** Opening Data block **
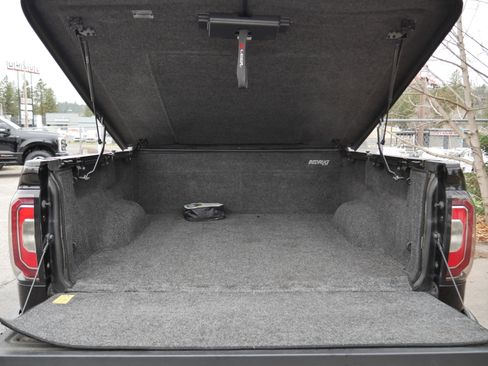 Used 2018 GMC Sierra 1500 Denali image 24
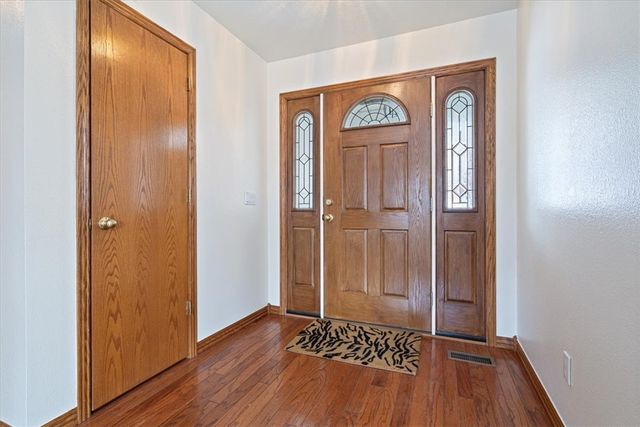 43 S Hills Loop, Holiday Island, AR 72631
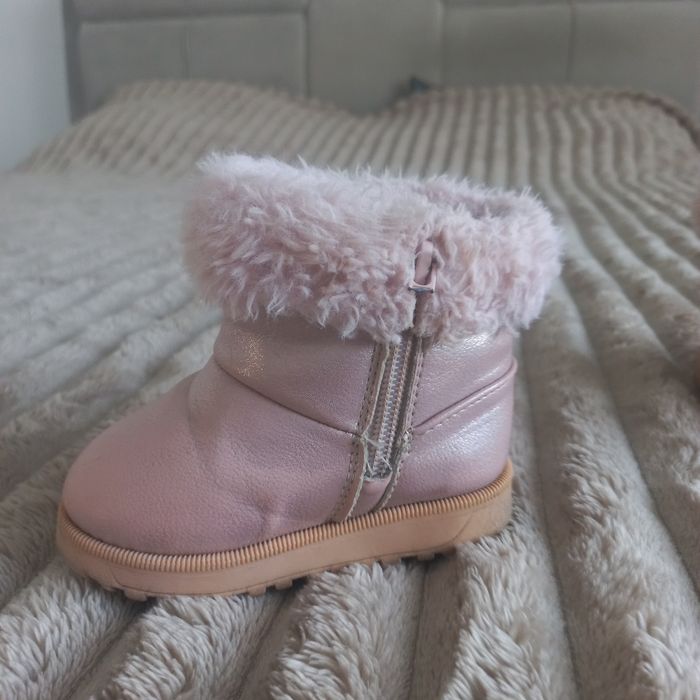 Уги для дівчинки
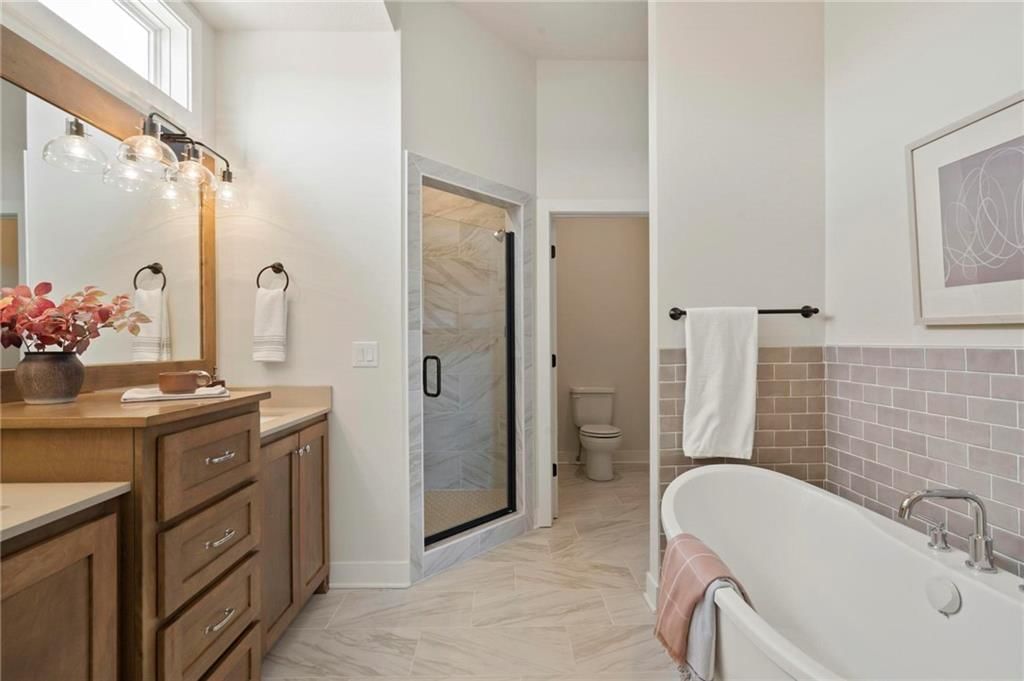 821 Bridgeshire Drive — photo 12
** Closing Data block **
** Opening Data block **
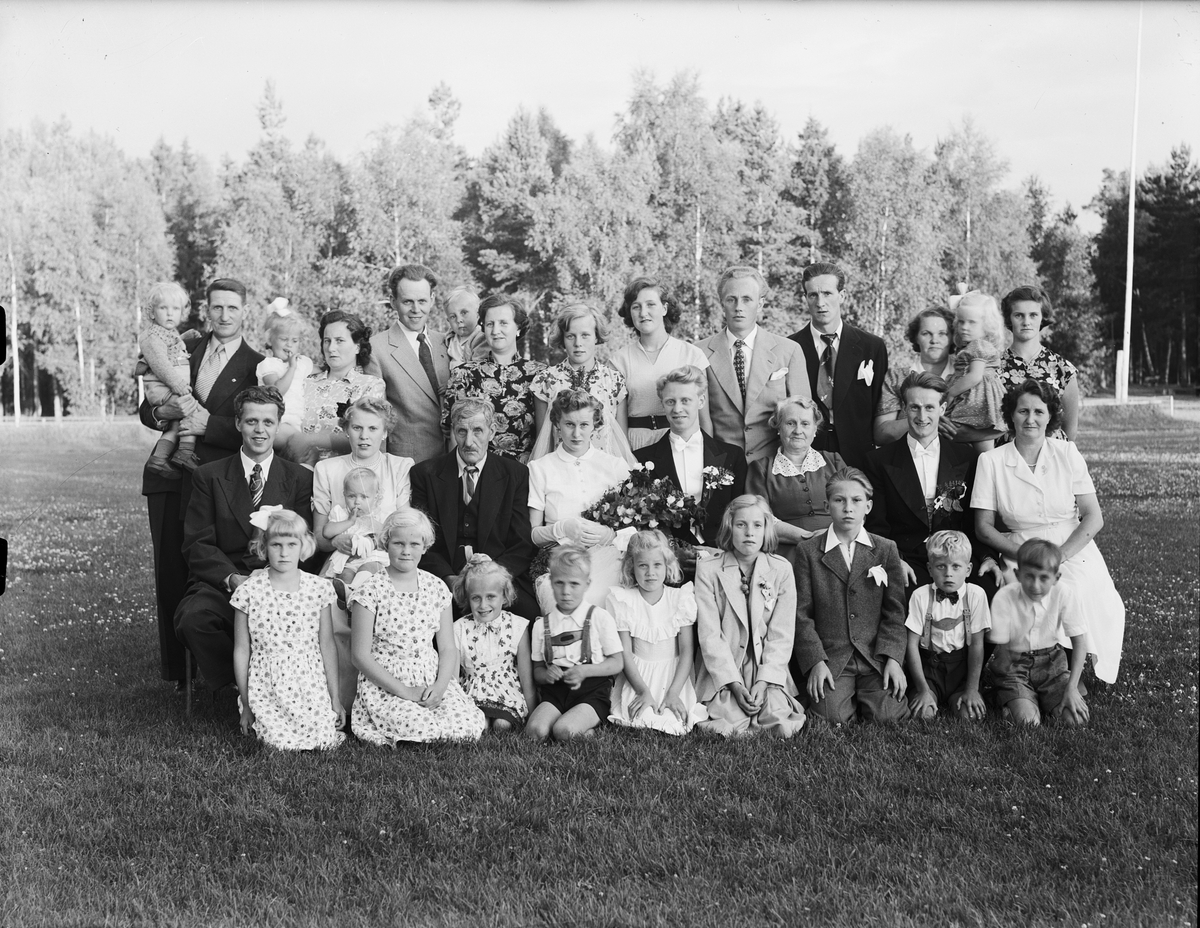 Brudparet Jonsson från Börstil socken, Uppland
** Closing Data block **
** Opening Data block **
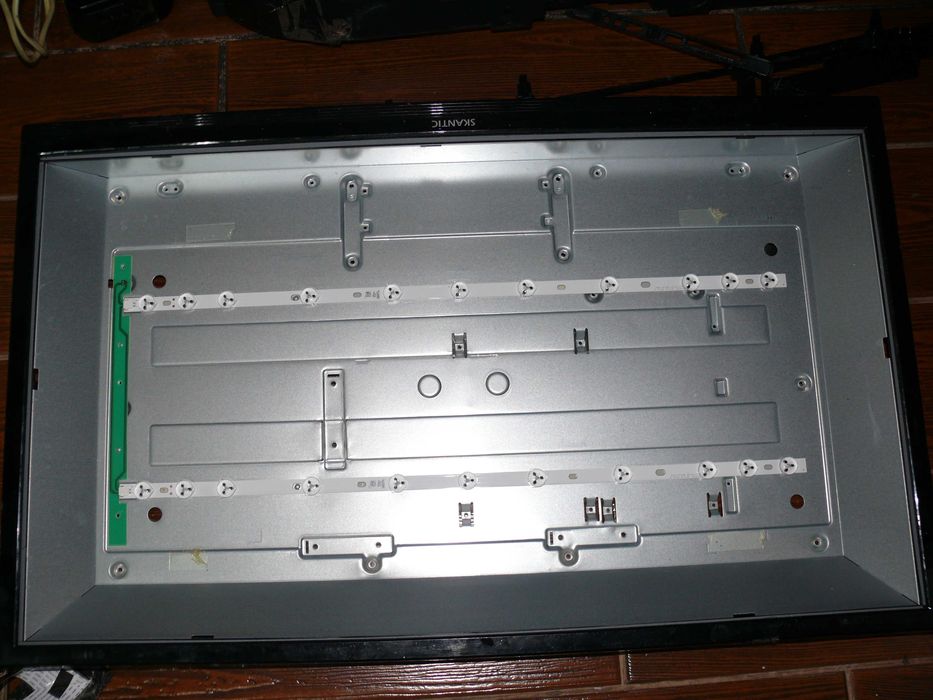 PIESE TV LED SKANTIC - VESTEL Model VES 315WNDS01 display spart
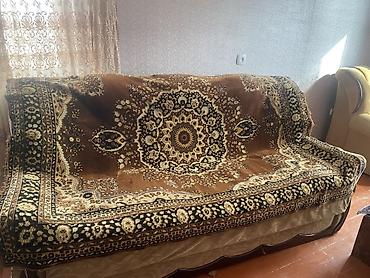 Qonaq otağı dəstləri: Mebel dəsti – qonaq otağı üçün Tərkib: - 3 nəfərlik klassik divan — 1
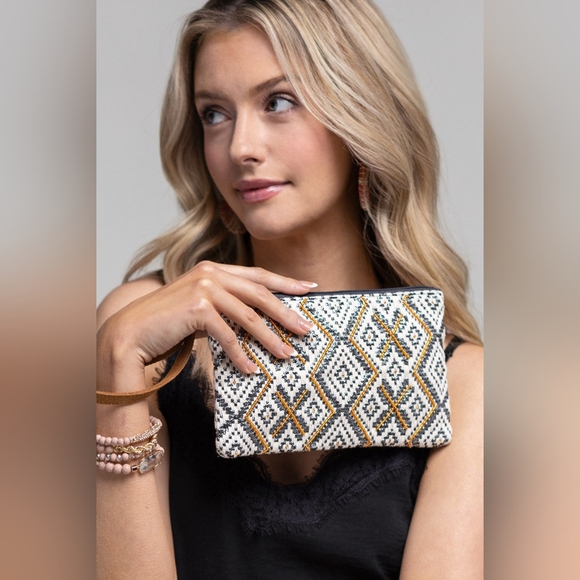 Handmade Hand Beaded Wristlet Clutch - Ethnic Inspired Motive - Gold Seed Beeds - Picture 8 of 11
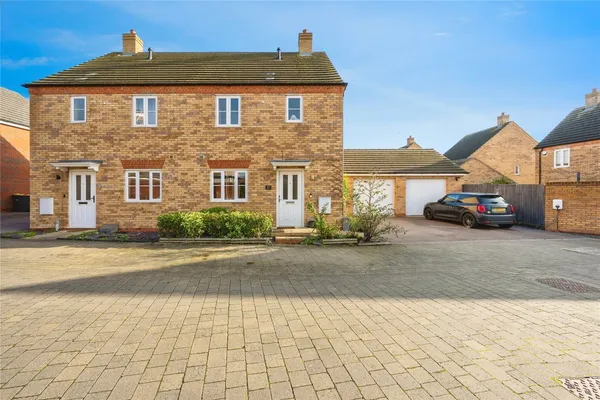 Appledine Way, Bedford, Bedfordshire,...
** Closing Data block **
Your task
Every line from the one with "43 S Hills Loop, Holiday Island, AR 72631" through the one with "821 Bridgeshire Drive — photo 12" is to be reproduced exactly as written above, and the pictures are to be dropped.

Output for this exercise
 43 S Hills Loop, Holiday Island, AR 72631
 Уги для дівчинки
 821 Bridgeshire Drive — photo 12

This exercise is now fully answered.